To identify key mechanisms which condition the impact of judicial decisions on the politics and policies of asylum control, this thesis presents comparative qualitative case study research into UK government responses to European Court of Human Rights (ECtHR) and municipal court rulings which concern deportation and asylum control policies. Comparative consideration is given to significance attached by governments to the source of the ruling (UK / ECtHR) and whether compliance was politically contested. Politicisation and domestic rulings are each expected to allow greater governmental opposition to judicial impact on policy goals. To capture variation, my analysis differentiates judicial impact on two typological planes: governmental response and the level of generality of governing ideas 'at stake' therein. This mobilises the explanatory potential of governmental framings of `the problem' of compliance, in terms of how constraining it is perceived to be; whether removing a policy instrument which can be readily replaced, challenging the continuity of underlying programmatic logics, or even the guiding public philosophy informing deportation and asylum control. Where more general governing ideas are at stake, governmental responses can be expected to reflect opposition to judicial impact.
 
Critical framing analysis of the government's discursive response is applied to four key cases, ranging from 1990 to 2012. Framing is presented as a necessarily observable process through which judicial impact is manifest within government, and can be traced. Specifically, I analyse how the 'problem' of compliance and its policy impact are framed in political rhetoric which responds to the courts and in documents through which government interprets and inscribes the meaning and implementation of judicial decisions.

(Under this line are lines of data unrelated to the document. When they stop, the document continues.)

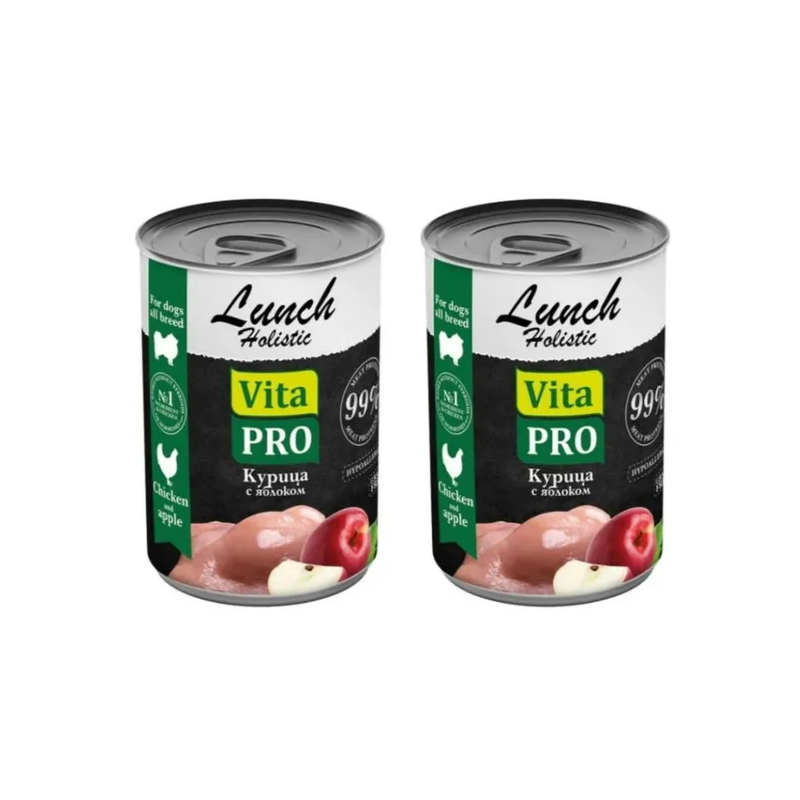 Консервы для собак VitaPRO Lunch курица с яблоком, 2 шт по 400 г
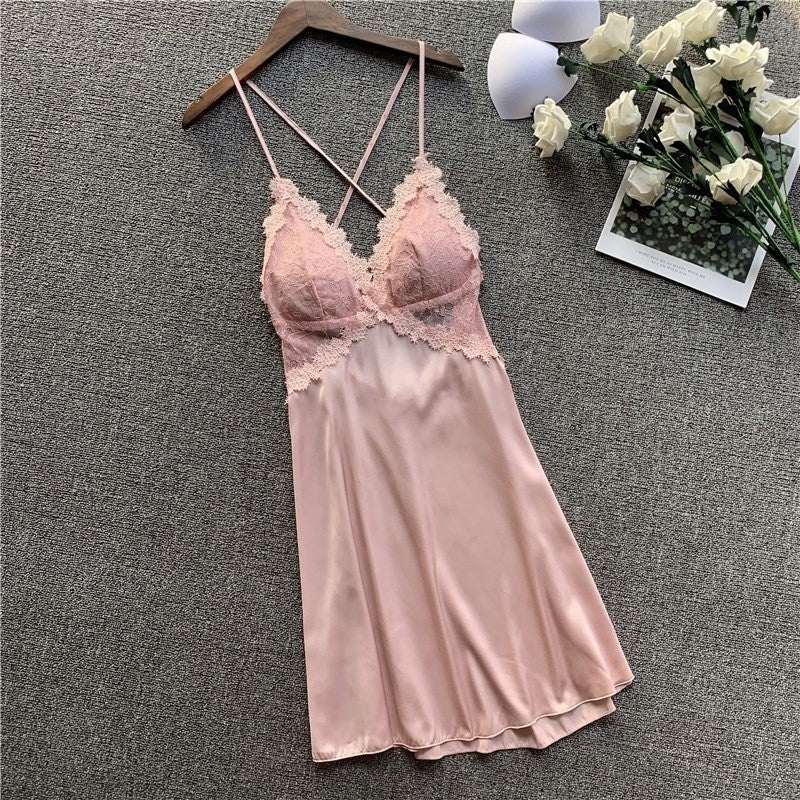 Sexy Deep V Lace Sling Nightgown with Optional Pads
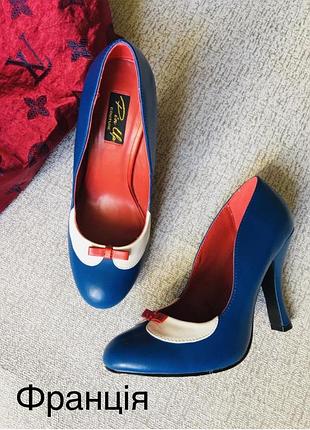 Туфли женские стние с бантиком в стиле ретро туфли синие з белым франция-37,38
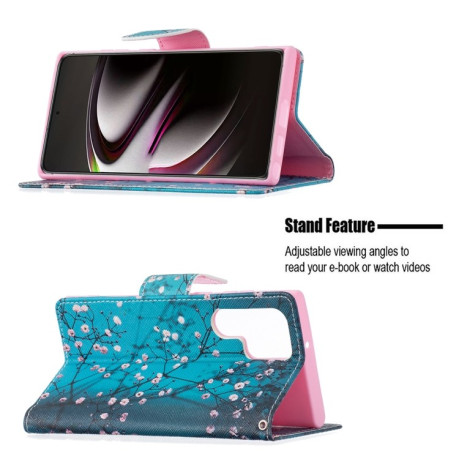 Чехол-книжка Colored Drawing Series на Samsung Galaxy S22 Ultra 5G - Plum Blossom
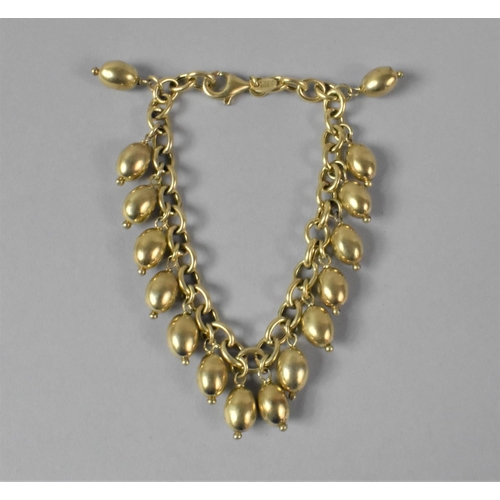 425 - A Silver gilt Italian Bean Bracelet, Stamped 925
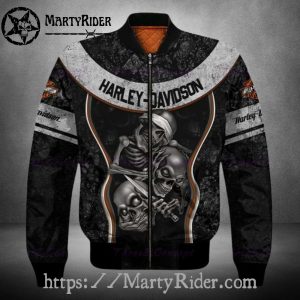 Skeletons and Blades bomber jacket harley davidson dark style
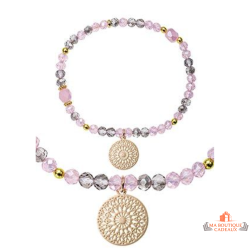 Bracelet fantaisie acier rose – médaillon doré et perles facettées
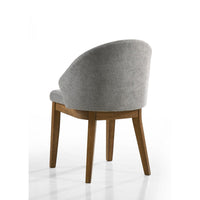 Andy Barrel-Back Dining Chairs with Walnut Legs, Set of 2, Gray Fabric - BM355848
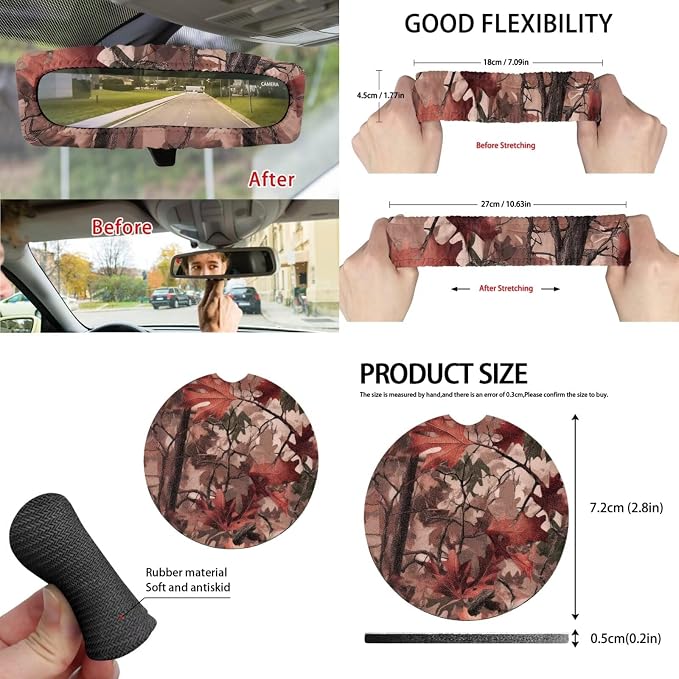 Pink Auto Interior Accessories Camo Tree Car Seat Covers with Auto Steering Wheel Cover Seat Belt Covers Car Trash Can View Mirror Cover Coaster Keychains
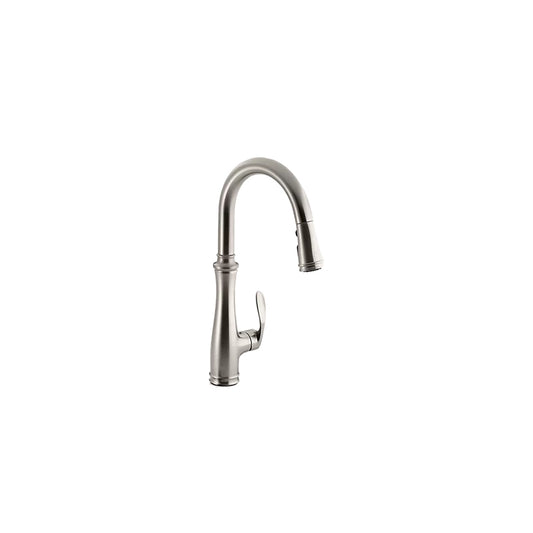 Kohler Bellera Single Hole Or Three Hole Kitchen Sink Faucet With Pull-Down 16-3/4" Spout And Right Hand Lever Handle- Vibrant Stainless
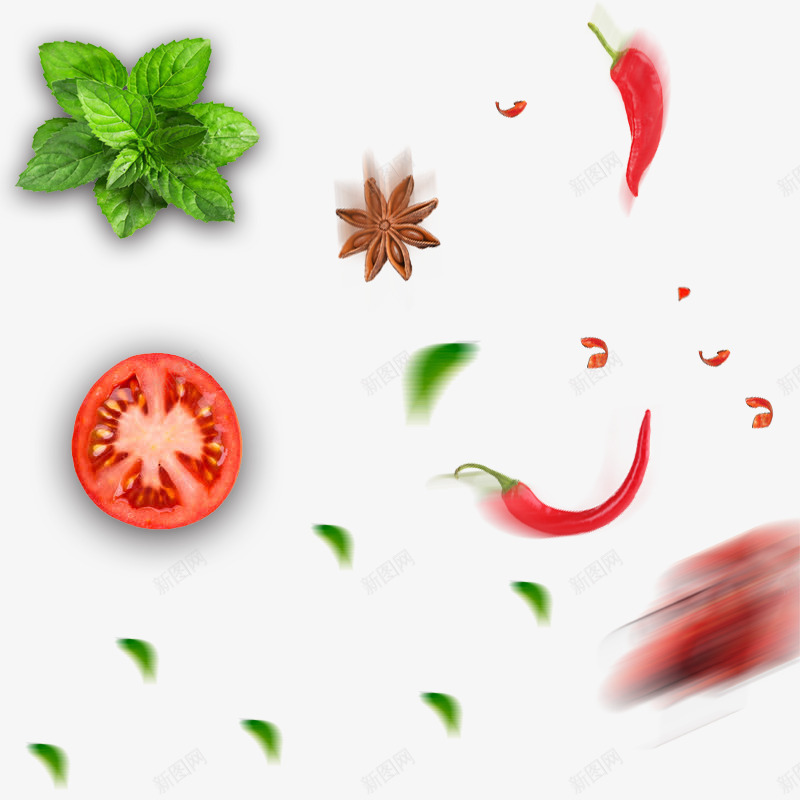 植物食品png免抠素材_新图网 https://ixintu.com 八角 树叶 番茄 薄荷叶 辣椒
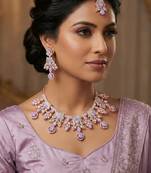 Purple rose gold premium designer american diamond and stone work necklace set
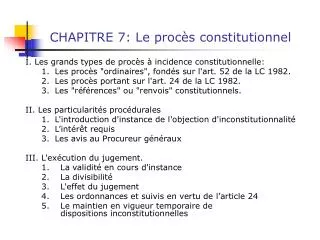CHAPITRE 7: Le procès constitutionnel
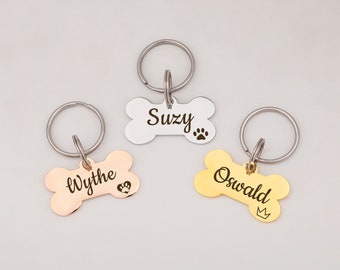 Personalized Dog Tag - Dog Tag - Dog ID Tag - Bone Dog Tag - Dog Name Tags -Custom Dog Tags for Dogs - Puppy Tag - Pet ID Tag Heart Paw Bone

My findings suggest that whilst governance of asylum and deportation in the UK may labour under a judicial shadow, this has not precluded legal risk taking and efforts to `contain' the impact of individual rulings on the viability of the overarching policy regime. By identifying the role of governing ideas `at stake' in governmental framings of judicial impact, I argue that it is possible to account for varying political responses to the courts, including politicisation of compliance. Where impact is framed as more general, politicisation of compliance follows. In contrast, the source of the ruling appears to have no independent significance to responses. The importance of a distinction between judicial impact on justificatory political rhetoric and the practice of administrative compliance is also reinforced.